Aslında bildiğimiz masalların hiç birinin orijinali, çocukken öğrendiğimiz gibi değil. Avrupa’da orta çağ zamanlarında, gece vakti ateş etrafındaki sohbetlerde anlatılan klasik masallar hiç de masum değilmiş: farklı yörelerde, farklı şekilde anlatılan masallar Grimm kardeşler tarafından derlenip daha sonra çocuklara yönelik olarak kitaplaştırılınca şimdiki halini almış diye biliyorum. Yani zaman içerisinde de masalların yeniden yorumlandığı açık! Bildiğim kadarıyla ilk yeniden uyarlama masal filmi Alice in Wonderland’dı. O film, bu tarz “yeniden uyarlama” filmler için bir başlangıç olmuştu; ondan sonra bu furya daha da genişledi: sonrasında Marvel gibi stüdyolar da kendi çizgi karakterlerini sinemaya aktarmaya başladılar. Daha önce çizgi film halinde izlediğimiz bu karakterleri, ete kemiğe bürünmüş halde ekranda izlemek ayrı bir sinemasal tat oluşturuyordu. İşte bu karakterler içerisinde özellikle genç kızların en çok bildiği masal Uyuyan Güzel’e aitti ve artık klişeleşen bir mutlu sonla bitiyordu: yakışıklı prens öper ve güzel kız uyanır… Genç kuşakların beynini yıkayan, arka planda farklı mesajlar içerdiğini düşündüğüm ve aşk, sevgi, öpücük gibi kavramları, yaşları küçük çocukların izlemesinin anlamsız ve tehlikeli olduğunu; kötülük, hırs ve güç gibi olumsuz kavramları içinde barındıran filmlerin çocuklar tarafından izlenmesine karşı olduğumu bildiğim için: yazıma, yetişkin izleyicilerin bakış açısından devam edeceğim.

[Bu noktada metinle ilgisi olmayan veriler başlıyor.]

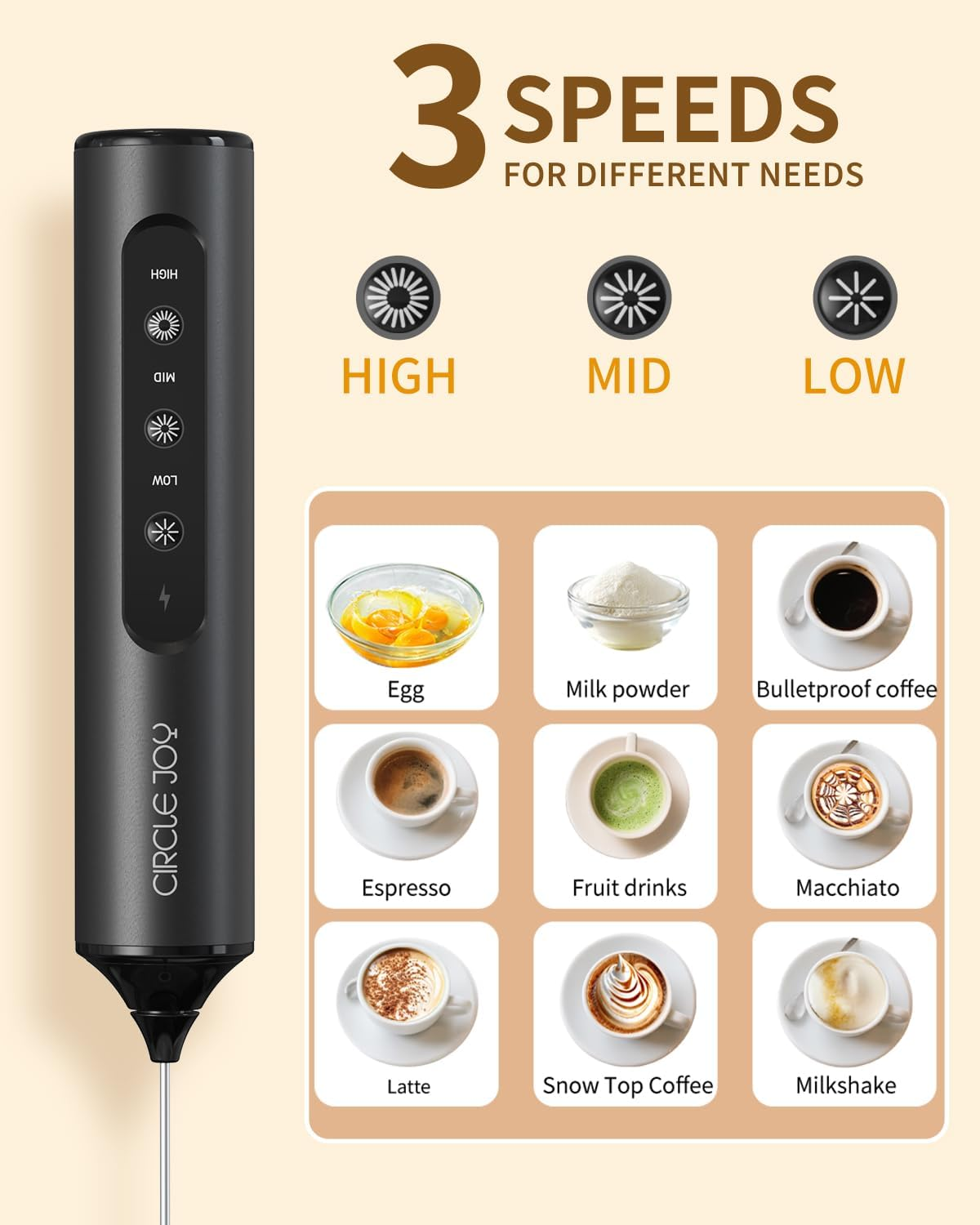 CIRCLE JOY Rechargeable Handheld Milk Frother Wand with 3 Variable Speeds, 3 Whisks and Storage Box, Electric Drink Mixer for Latte, Cappuccino, Hot Chocolate, Eggs and Protein Powder, Black image number 1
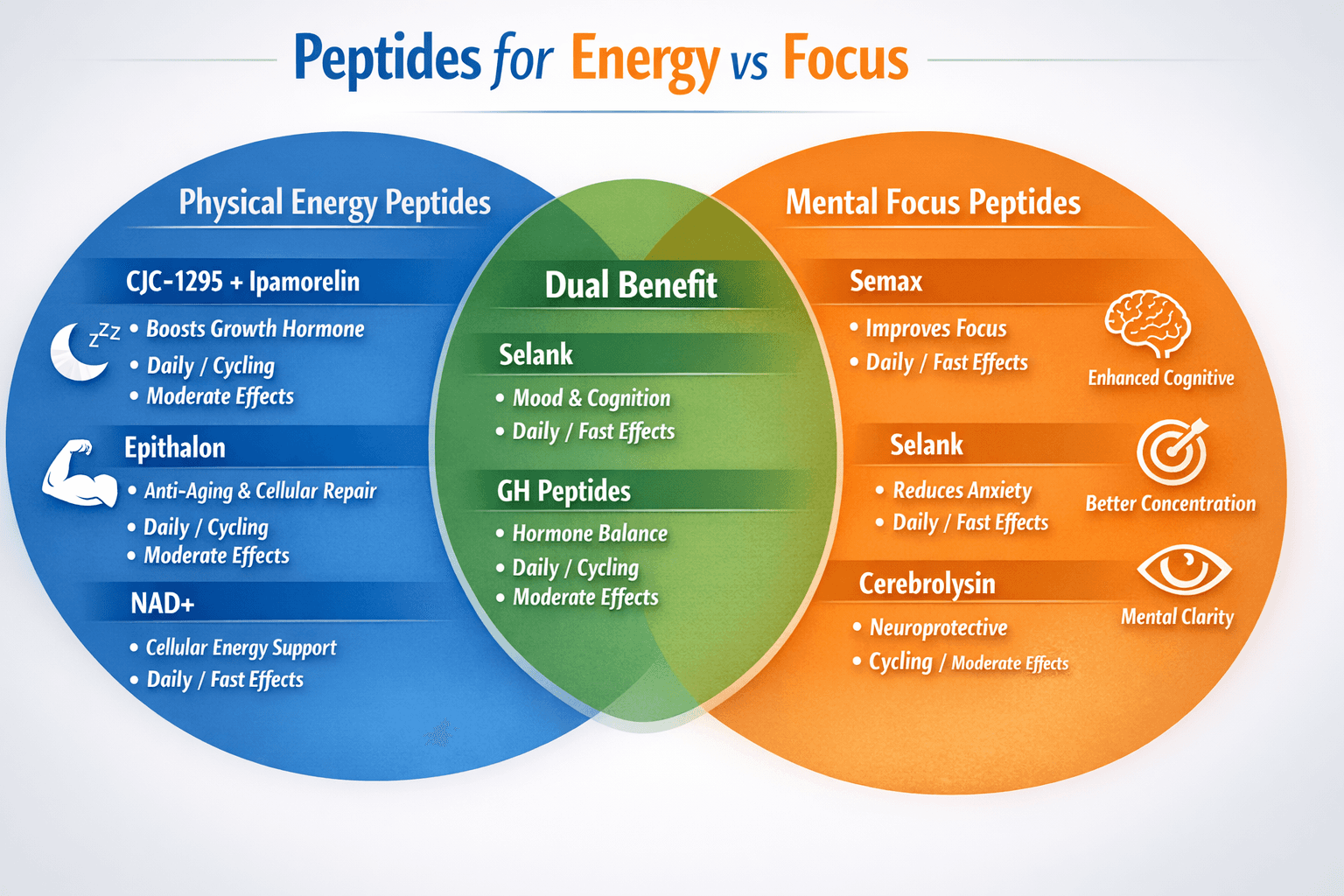 best peptide for energy and focus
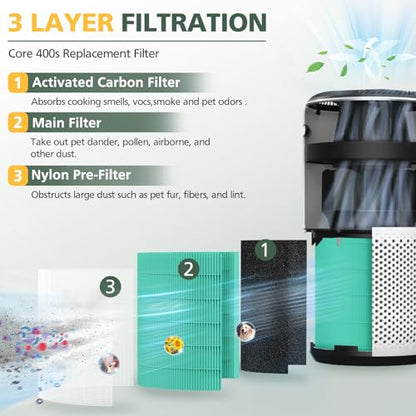 Core 400S Toxin Replacement Filter for LEVOIT Core 400S (Toxin Absorber-2 Pack)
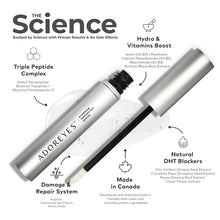 Load image into Gallery viewer, ADOREYES Plus Brows Eyebrow Enhancing Serum with Triple Peptide Complex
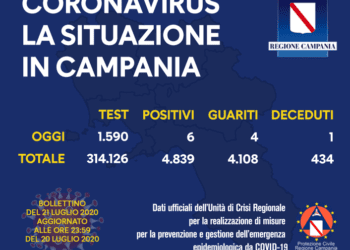 Corona Virus Campania: Totale Positivi: 4.839 i deceduti 434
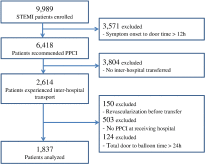 The first-door-to-balloon time delay in STEMI patients undergoing interhospital transfer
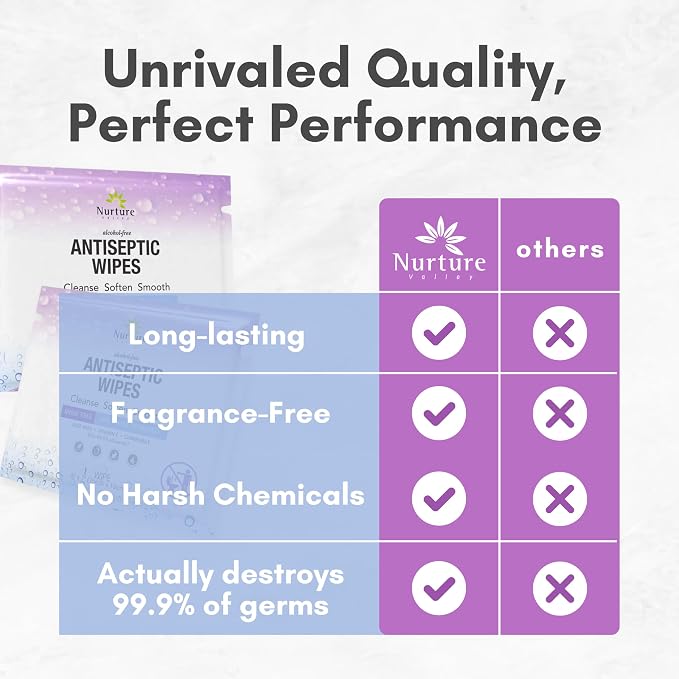 XL Individually Wrapped Nurture Antibacterial Body & Hand Wipes | Alcohol-Free - Image 6
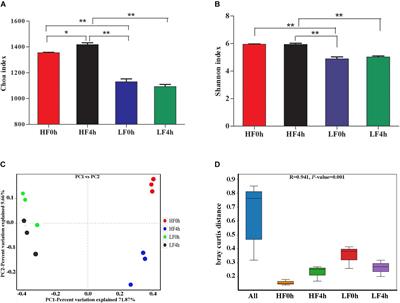 Frontiers Metagenomic Analyses Of Microbial And Carbohydrate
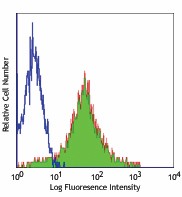 Ultra-LEAF™ Purified anti-mouse/human CD44 Antibody (103065)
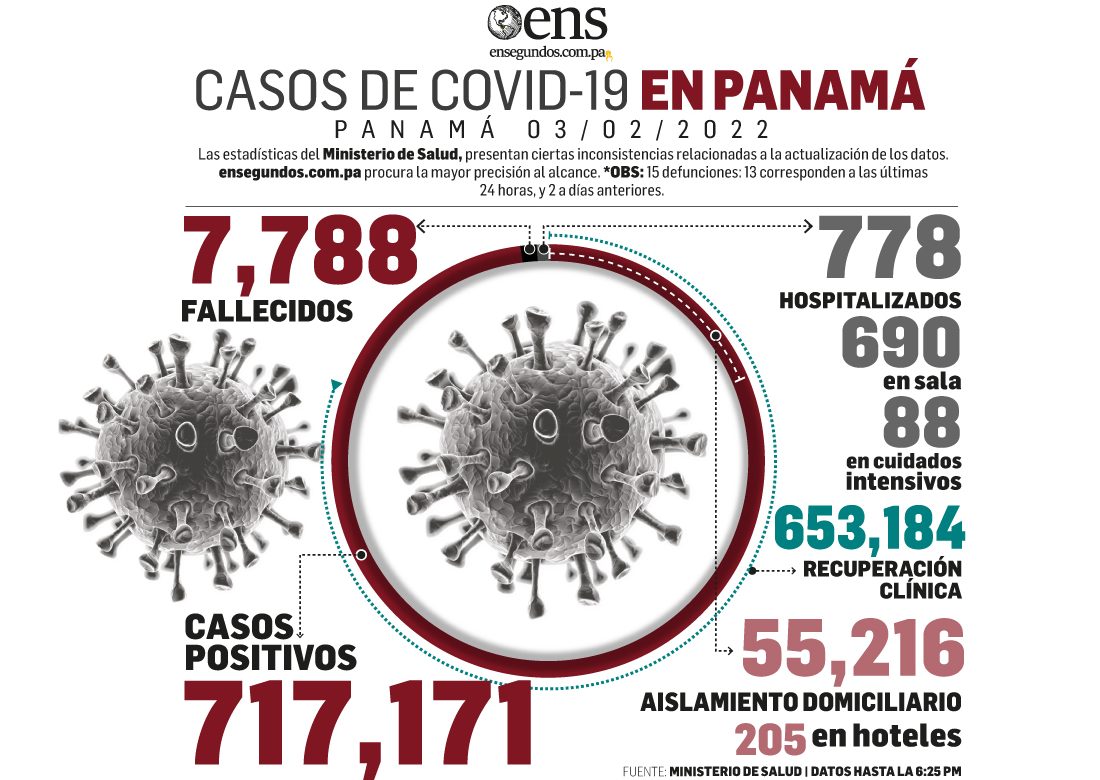 Reducción en los casos nuevos de coronavirus, 5,210, pero las muertes fueron 13+2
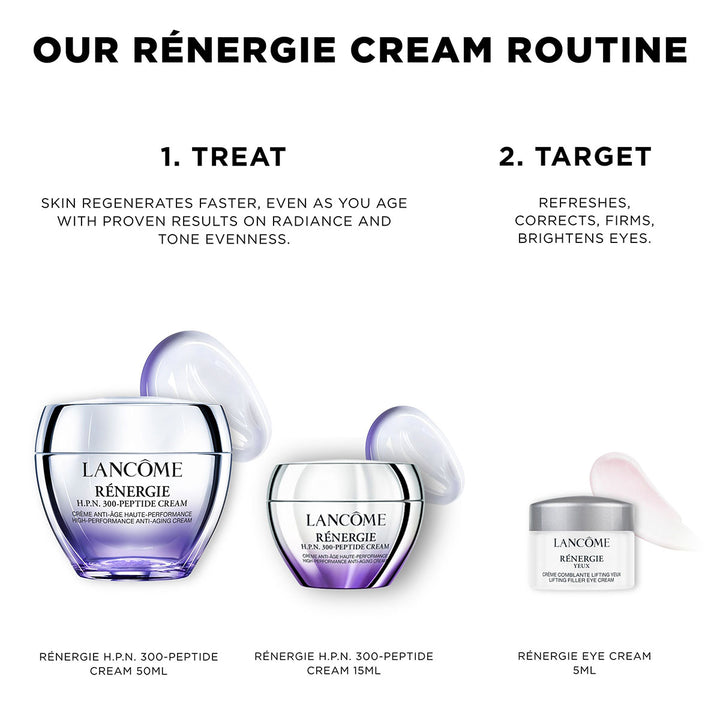 Rénergie H.P.N 300-Peptide 50ml Gift Set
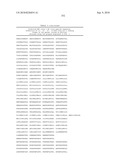 MHC Peptide Complexes and Uses Thereof in Infectious Diseases diagram and image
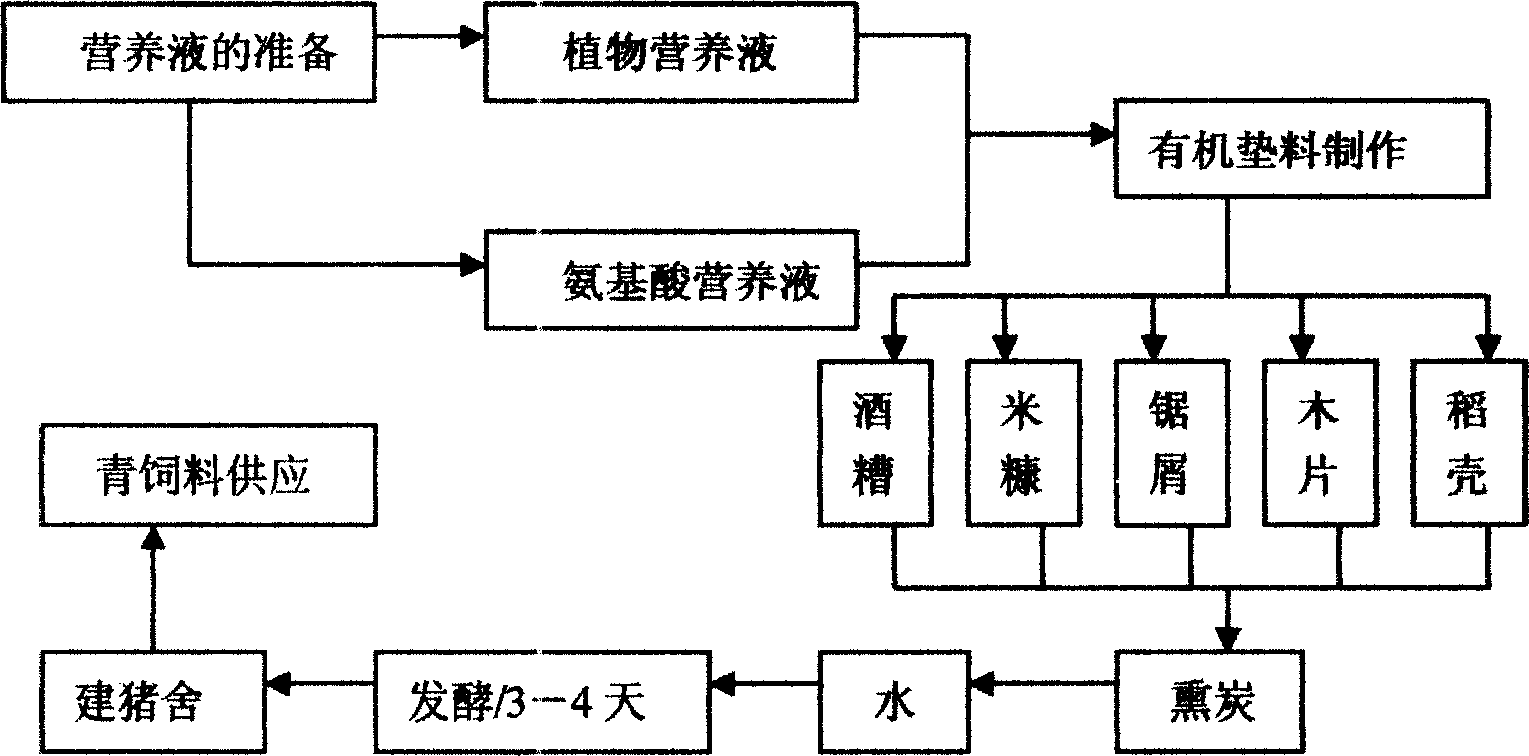 Environment protection type soil bacterium pig-keeping technology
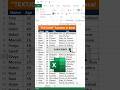 TEXTJOIN Function in Excel / #excel #exceltips #viral #exceltricks #excelshorts #shorts #explore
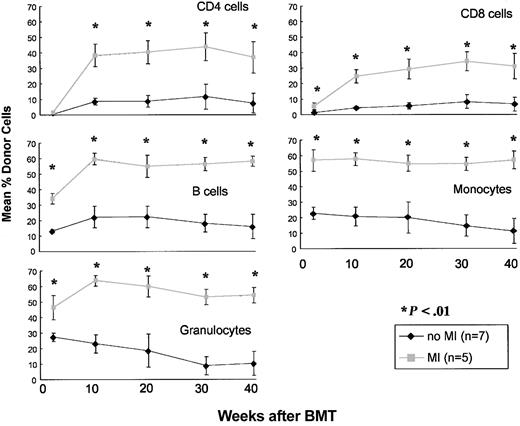 Figure 1. Effect of mediastinal irradiation on donor chimerism in peripheral blood in an Ly5-congenic strain combination. CD45.1 congenic B6 mice received 200 × 106 B6 BMCs and either no MI (; n = 7) or 7-Gy MI (▦; n = 5). Mean percentages of donor CD4 cells, CD8 cells, B cells, monocytes, and granulocytes in WBCs are shown at the indicated time points. Statistically significant differences in chimerism in all lineages was seen between the no MI group and the 7-Gy MI group at all time points (except the CD4 cell lineage at 2 weeks). Error bars indicate SD.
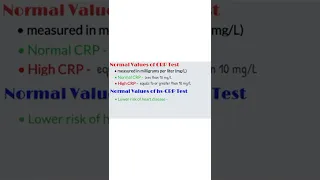 Normal Value of CRP Test, C-Reactive Protein Test, YouTube Shorts, Shorts Video, Medical Shorts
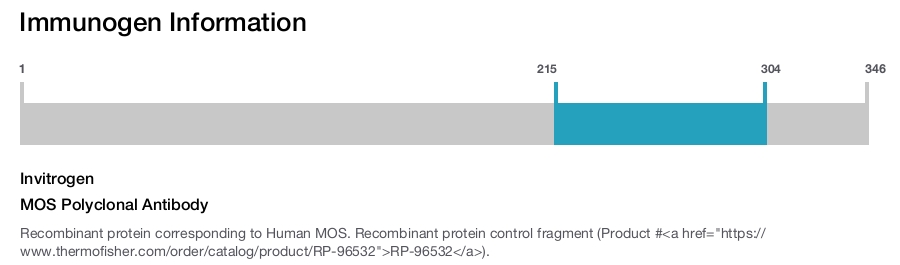 MOS Polyclonal Antibody
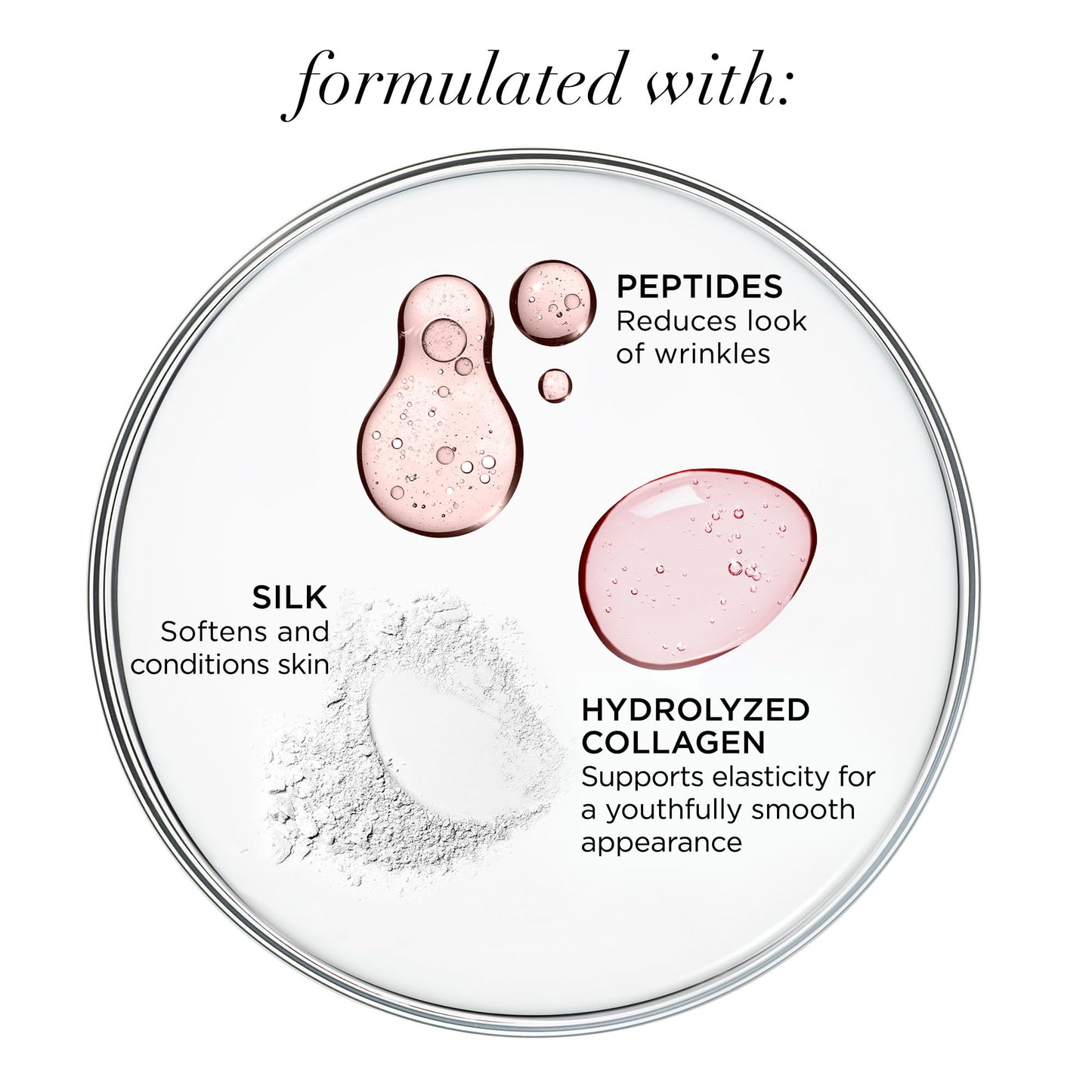 IT Cosmetics Your Most Beautiful You 3-in-1 Palette – Matte Bronzer, Radiance Luminizer & Brightening Blush with Peptides & Light Tech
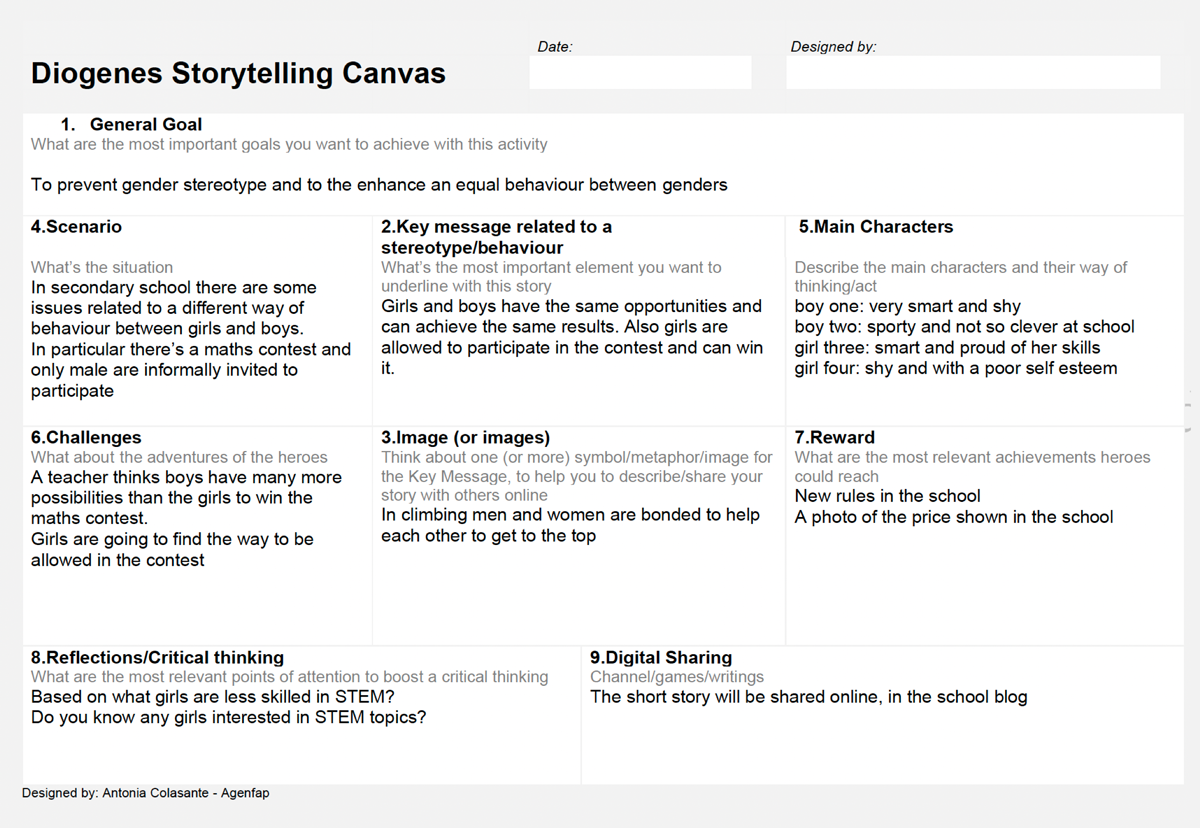 DIOGENES-Storytelling-Canvas_sample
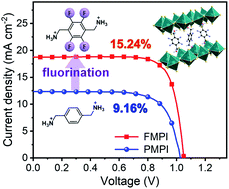 Graphical abstract: Enhancing the efficiency and stability of two-dimensional Dion–Jacobson perovskite solar cells using a fluorinated diammonium spacer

Filmin konusuna değinirsek; Uyuyan Güzel, Disney’in en önemli prenseslerinden biri fakat bu film Aurora’nın değil de kötü cadımız Maleficent’ın gözünden anlatılıyor. Barışçıl bir orman krallığında büyüdüğü için huzurlu bir hayata sahip olan Malefiz, görkemli siyah kanatlara sahip güzel, saf ve genç bir kadındır: ta ki bir zamanlar inandığı ve sevdiği adam olan Stephan tarafından acımasız bir ihanete uğrayınca o saf kalbi taşa dönüşür. Aurora’yı 100 yıllık bir ölüme mahkum etmesi de tüm bu çektiği acıların sonucudur. Fakat Aurora büyüdükçe, Malefiz ona karşı bir sevgi beslemeye başlar ve onun gerçek barışı sağlayacak yegane anahtar olduğunu fark eder.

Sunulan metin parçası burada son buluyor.